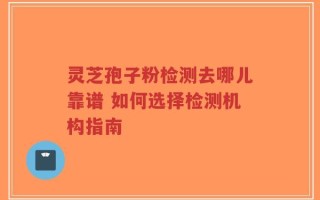 灵芝孢子粉检测去哪儿靠谱 如何选择检测机构指南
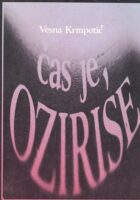 Čas je, Ozirise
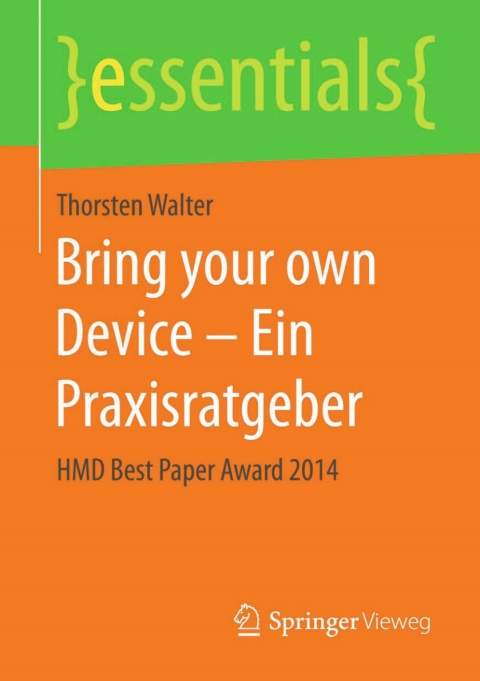 Cover image for book Bring your own Device – Ein Praxisratgeber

* [INSTRUCTIONS TO FOLLOW]:
Each line of the data is to be duplicated exactly; pictures stay out of the copy.

* [ANSWER AREA]:
 灵芝孢子粉检测去哪儿靠谱 如何选择检测机构指南
 Čas je, Ozirise
 Cover image for book Bring your own Device – Ein Praxisratgeber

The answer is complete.